On Security: Part 000

October 30, 2020

There is a thought experiment I like to do as a kind of warm-up when thinking about security. Think of something in your life that is protected by security--it can be something physical: paper money, your home, or an important object or heirloom. It can be information: a secret like your banking password. It can even be a person or other living being. Now, imagine the universe 2.6 billion years from now. Where is that thing? What state is it in? Is it still valuable in the same way, or will its value have changed or disappeared?

The purpose of this thought experiment is to notice that the concept of security is not only, or even mostly, about protecting stuff. Rather, at least half of security is about understanding the human relationship that we call value--identifying not just what is valuable, but looking deeper at the particular characteristics of value in a given context. It is these contextual characteristics of value that guide the definition of security in that context. Security is appropriately protecting value[1]. In a bank robbery, security might include putting dye packs in with the money being stolen, one goal of which is to destroy the value of what is taken. In a home security system, however, it would not be appropriate to include incendiary devices that set the house on fire in the event of a break-in.

The system designer has several responsibilities with respect to security:

  1. To identify the characteristics of value in the context of the system.
  2. To identify a set of likely threats to that value.
  3. To implement efficient[2] controls that guard against the threats, ideally by raising the cost of an attack higher than the likely reward.
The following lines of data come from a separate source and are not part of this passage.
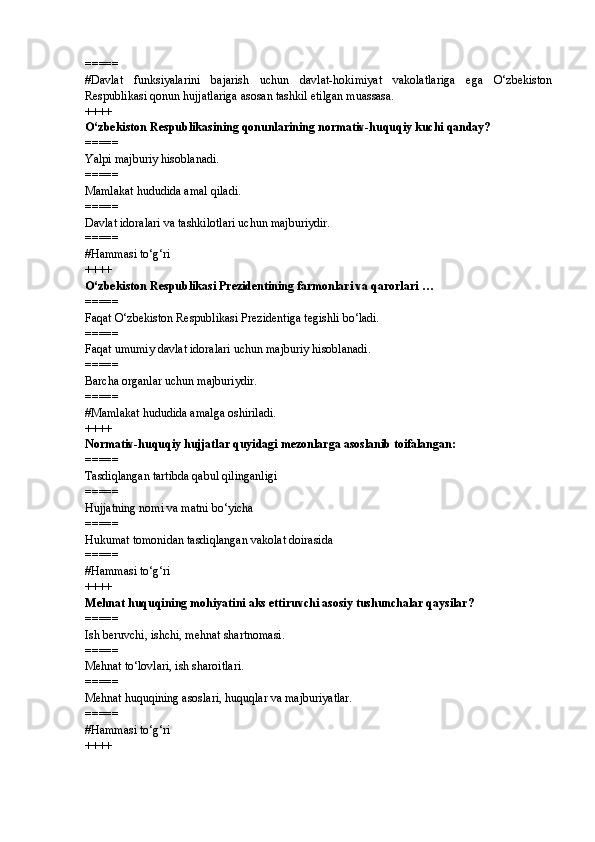 =====
#Davlat   funksiyalarini   bajarish   uchun   davlat-hokimiyat   vakolatlariga   ega   O‘zbekiston
Respublikasi qonun hujjatlariga asosan tashkil etilgan muassasa.
++++
O‘zbekiston Respublikasining qonunlarining normativ-huquqiy kuchi qanday?
=====
Yalpi majburiy hisoblanadi.
=====
Mamlakat hududida amal qiladi.
=====
Davlat idoralari va tashkilotlari uchun majburiydir.
=====
# Hammasi to‘g‘ri
++++
O‘zbekiston Respublikasi Prezidentining farmonlari va qarorlari …
=====
Faqat O‘zbekiston Respublikasi Prezidentiga tegishli bo‘ladi.
=====
Faqat umumiy davlat idoralari uchun majburiy hisoblanadi.
=====
Barcha organlar uchun majburiydir.
=====
# Mamlakat hududida amalga oshiriladi.
++++
Normativ-huquqiy hujjatlar quyidagi mezonlarga asoslanib toifalangan:
=====
Tasdiqlangan tartibda qabul qilinganligi
=====
Hujjatning nomi va matni bo‘yicha
=====
Hukumat tomonidan tasdiqlangan vakolat doirasida
=====
# Hammasi to‘g‘ri
++++
Mehnat huquqining mohiyatini aks ettiruvchi asosiy tushunchalar qaysilar?
=====
Ish beruvchi, ishchi, mehnat shartnomasi.
=====
Mehnat to‘lovlari, ish sharoitlari.
=====
Mehnat huquqining asoslari, huquqlar va majburiyatlar.
=====
# Hammasi to‘g‘ri
++++ 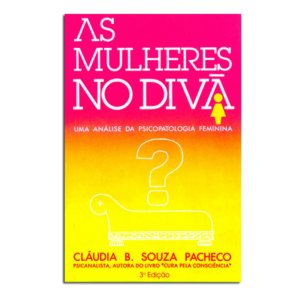 As Mulheres no Divã, Uma Análise da Psicopatologia Feminina, Cláudia B. Souza Pacheco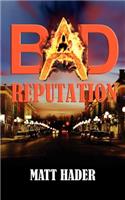 Bad Reputation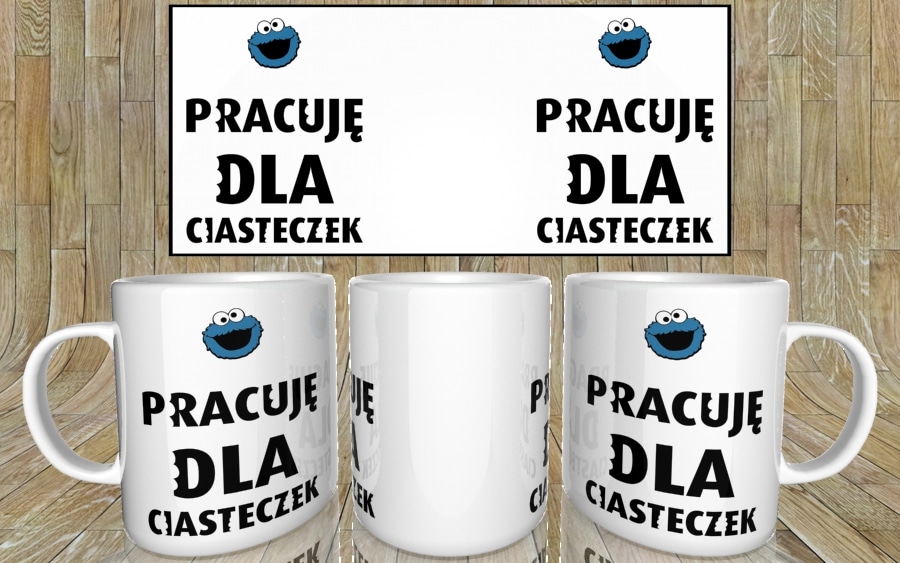 Pracuję dla ciasteczek kubek - zdjęcie 5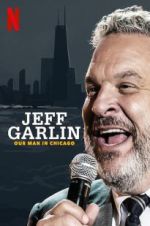 Watch Jeff Garlin: Our Man in Chicago Goojara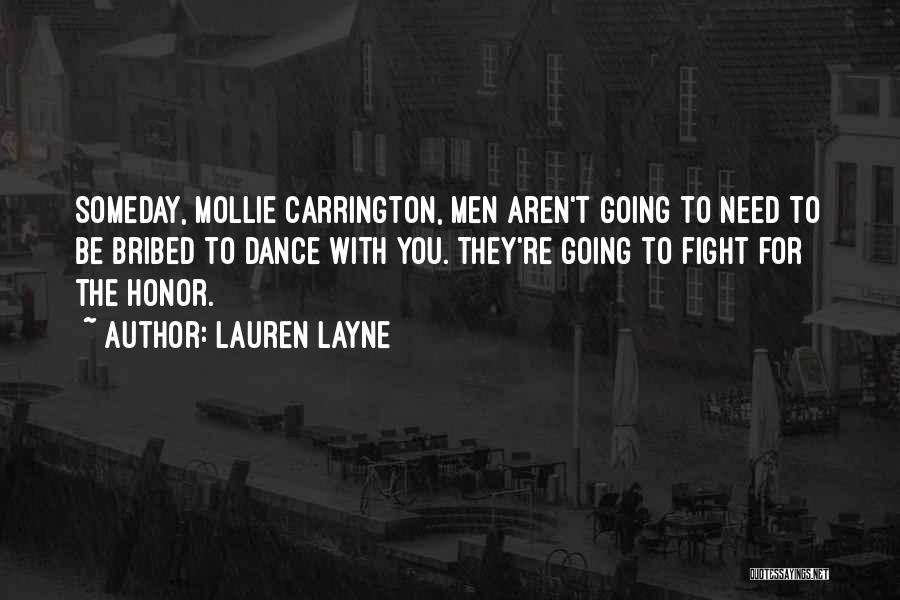 Lauren Layne Quotes: Someday, Mollie Carrington, Men Aren't Going To Need To Be Bribed To Dance With You. They're Going To Fight For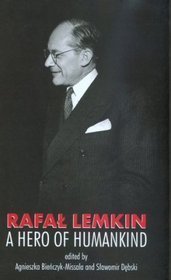 Rafał Lemkin A Hero of Humankind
Notice that "preventing bad things from happening" is too general to appear on that list. That is, when bad things happen, they may or may not represent negligence on the part of the system designer. For instance, a bank robbery doesn't necessarily represent a failure of the bank's security officer. If the security officer implements controls that forsee the likelihood of that event--such as procedures to minimize the risk that anyone will get hurt and insurance for any monetary losses--the basic fact that a robbery happens doesn't reflect one way or another on the quality of the system. Likewise, if a bank was seized by an invading army, that would not be a failure of its security officer. These examples are meant to show that good security can't be identified simply by looking at whether or not bad things happen over time. Instead, security should be judged by whether its definition of value is appropriate and whether its controls are reasonable. Another way to look at it is to notice that the security system designer has a finite budget. The quality of her work is in her ability to spend the budget wisely, not in whether the budget is sufficient.

When we build systems for ourselves, we're responsible for both sides of that equation-- deciding what resources to spend on security and on how to spend them. These resources are most often not money. For instance, I would characterize my decision to limit my time using corporate social networks as, in part, a security decision. I recognize a value in being able to construct my personality "out of range," as it were, of the capabilities of those systems to subject me to social pressure. The threat that I anticipate in those spaces is that my feelings can be manipulated in fairly predictable ways. It's not that hard for social networks to pull me in and me feel insignificant in my own life--it's happened several times already. But that's where lots of my friends are, and it's where lots of potential friends are, so staying away from those spaces has a cost for me. Neither choice--staying away from corporate social networks or engaging with them-- is better or worse than the other in any provable way; I don't know and can't control which one would work out best in the long run. What I can do, following the points above, is to try to figure out what I value, and adopt the posture that seems most likely to protect it.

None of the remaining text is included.